Bolivia avanza en su proceso de apertura económica y confronta las bases del Estado Plurinacional
Tras la reapertura de las carreteras, Bolivia inicia una fase de acelerado giro hacia políticas neoliberales, en paralelo a una intensificación de los enfrentamientos por el modelo del Estado.

El gobierno de Rodrigo Paz aprovecha la pausa en las movilizaciones para impulsar reformas económicas, institucionales y políticas que buscan redefinir el rol del Estado, promoviendo mayor participación privada y privatización de sectores estratégicos.

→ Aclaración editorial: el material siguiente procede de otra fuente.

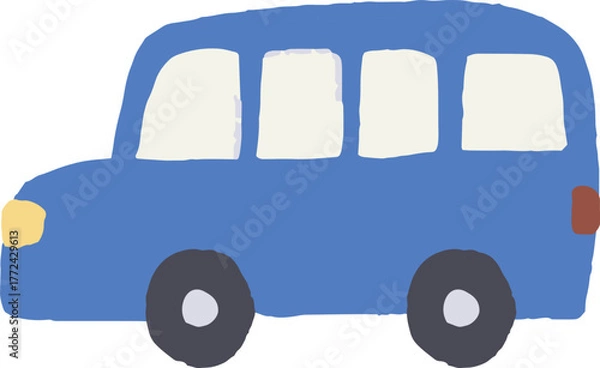 Obraz 青い車の手描きイラスト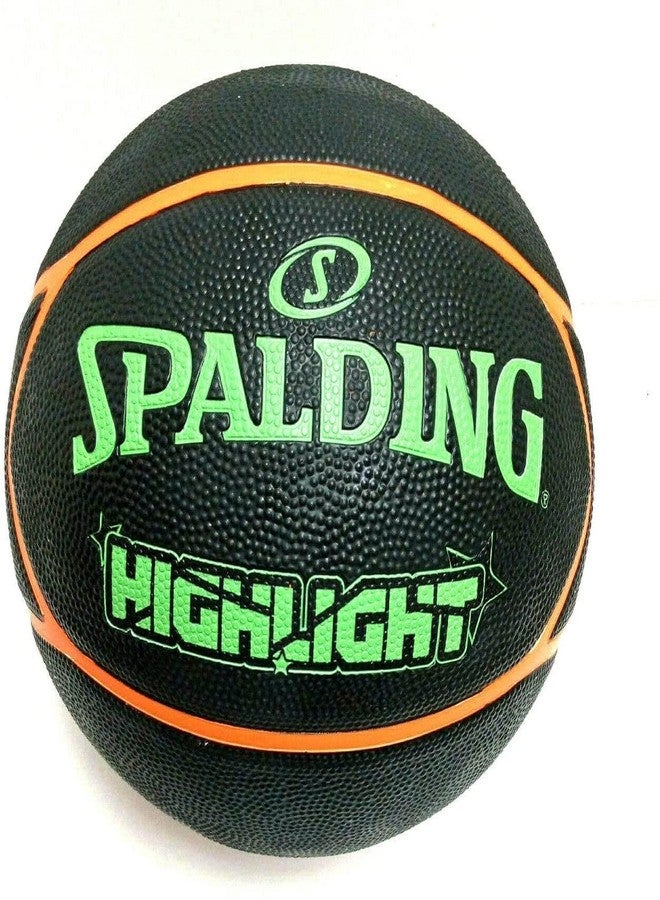 Spalding Highlight 29.5" Rubber Moulded Indoor/Outdoor Basketball with Butyl Bladder + Free Air Pin (Black-Green-Orange) Size 7 - Image 3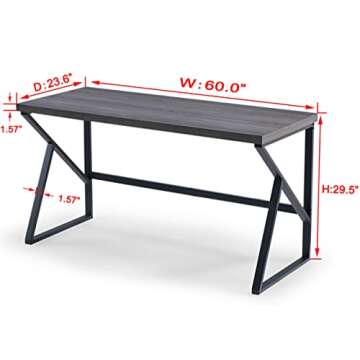 HSH Large Rustic Grey Computer Desk, Metal and Wood Home Office Desk, Industrial Vintage Soho Study ...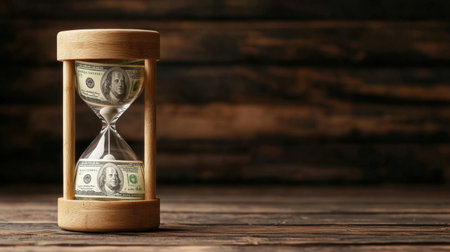 The image illustrates an hourglass filled with dollar bills, symbolizing the relationship between time and money. This visual emphasizes the importance of financial planning and efficiency.の素材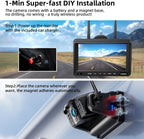 Fookoo HD Magnetic Wireless Backup Camera, 1080P 7" Dual Split Monitor & Rechargeable Rear View Cameras, Lower Consumption 1-Min Installation No Drilling Recording for RV Trailer Truck Camper DCX702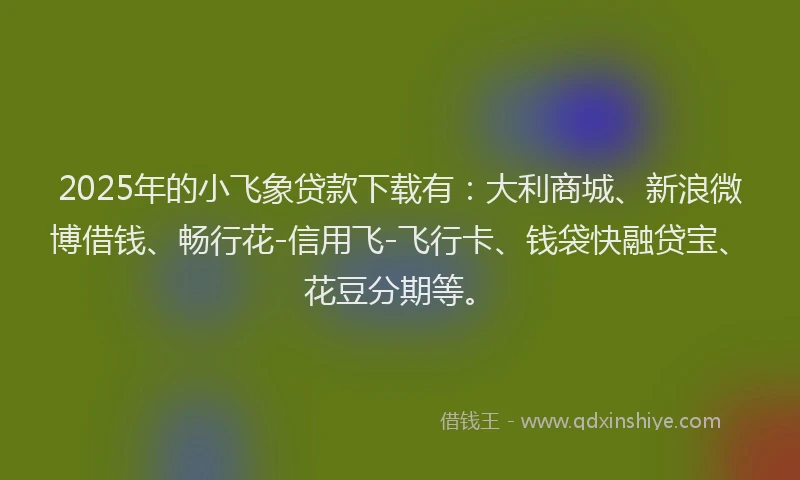 2025年的小飞象贷款下载有：大利商城、新浪微博借钱、畅行花-信用飞-飞行卡、钱袋快融贷宝、花豆分期等。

La ofensiva incluye la aprobación de decretos, el envío de proyectos de ley y una posible reestructuración de empresas públicas, en un contexto marcado por tensiones sociales y una creciente alineación con gobiernos de derecha en la región.
Este proceso refleja una lucha estratégica por el rumbo del país: por un lado, una agenda de liberalización y reducción del Estado; por otro, la continuidad del proyecto del Estado Plurinacional que durante años promovió soberanía, redistribución y derechos indígenas.
Mientras la crisis social y movilizaciones persisten, el gobierno avanza en la judicialización de dirigentes sociales y en el fortalecimiento de alianzas regionales, consolidando una etapa en la que el debate sobre el modelo de Bolivia se profundiza y se polariza.